I think a lot of these problems come from a weird combination of having a low self-esteem but at the same time unconsciously perceiving yourself as smarter than everyone else. You start to isolate yourself with thoughts about what other people would think or act if you said or did something (as if you were some sort of mind-reading genius) or developing strong prejudices about people you barely know anything about, then you start believing in those tales you tell yourself so hard that you lose your will to try and go out there. Stop trying to "predict" the actions and thoughts of others, just try to act out of good will.
Just buy a hooker bro so worth it 👌
There's a serious case of camel toes in the back ground🤣🤣🤣
I'm a virgin at 37
Bro you should never ever be buying a girl anything if she isn’t on a date with you or dating you and the only thing to pay for on a date is literally just pay for food or fare/movie tickets. Dudes literally playing himself. I hope you become more confident brother start lifting. Don’t worry about social interaction it really doesn’t matter that much just talk let it fall out if you say something dumb just smile and laugh. It’s not as hard as you make it out in your mind. And if you have any friends that are successful with women regularly ask if they can help you just tag along watch learn soak it all in you’ll get there bro! And lastly you have to make moves to get what you want if you sit and talk and never press further with a romantic interest nothing will happen.

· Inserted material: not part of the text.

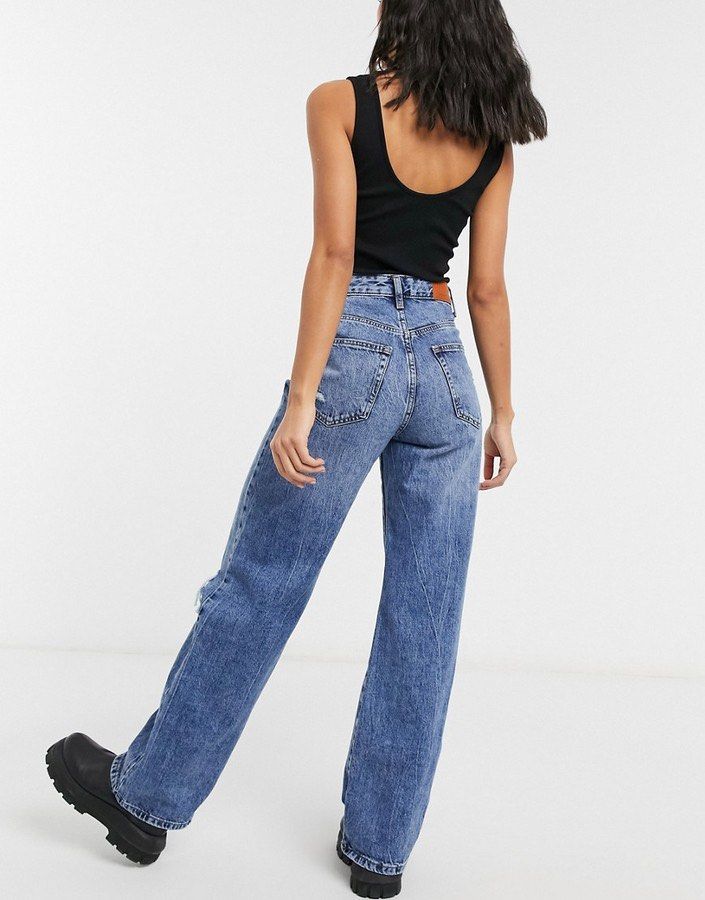 Bershka ripped 90s cheap jeans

Lol. the guy who's girl wants to punch him in the balls! I love how honest and weird this show is!
thumbs up if you would let that dudes girlfriend punch you in the balls
To the punching balls A lot of people with trauma and issues expresses things in a certain way .. I feel like she’s deserving to state her side, but it is definitely aggressive and something she can work on.

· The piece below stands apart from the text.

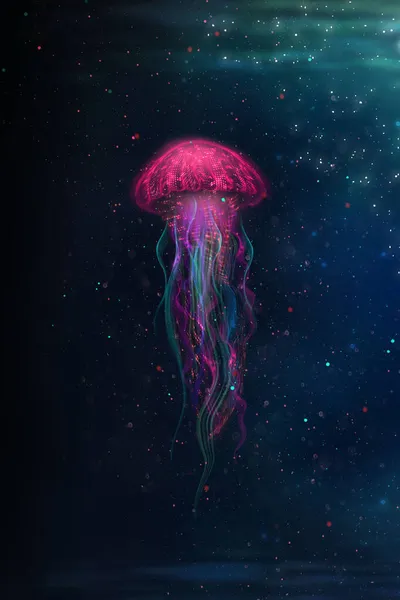 抽象的幻想霓虹灯水母在黑色背景 海洋水母色彩艳丽的霓虹灯3D插图 — 图库照片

to the first caller – i 100% feel your fears and insecurities. i didn't lose my virginity til my late 20's as well and i had the same insecurities and fears. fear of it coming up in conversation, fear of even if i did have sex she would publicly shame me for how new i was, and any other scenario my brain could manifest. it caused me to go thru the entirety of high school closed off and guarded to relationships. anxiety was also a MASSIVE factor for me. i told myself i really wanted my first time to be "special" and for it to have meaning but i know deep down it was my insecurities projecting an excuse to be able to protect myself from any fears i had.
i think at that point its our brain (and society) trying to convince us that sex = deep connection and that's the only way but really we are just longing for a relationship to feel loved and validated, sex is just a byproduct of that but one that has been put on a pedestal that signifies true love when in reality it is just a primal instinct. the real true love comes from that bond you form, the connection you have. we worry about sex because that's what society has conditioned us to worry about it. once you get out of the sex = true love mindset you can truly explore all avenues.
I hope this man knows there’s women out there who would probably sleep with him if he just asked and said that story, he has to put himself out there.
Lyle – you are so good at this 💖
The kind of personality trait that would motivate someone to want to punch their boyfriend in the balls for fun is… concerning.
The great questions you come up with, I love it so much. Makes ME think.
Shout out to Steve, sending my love and best wishes, brother.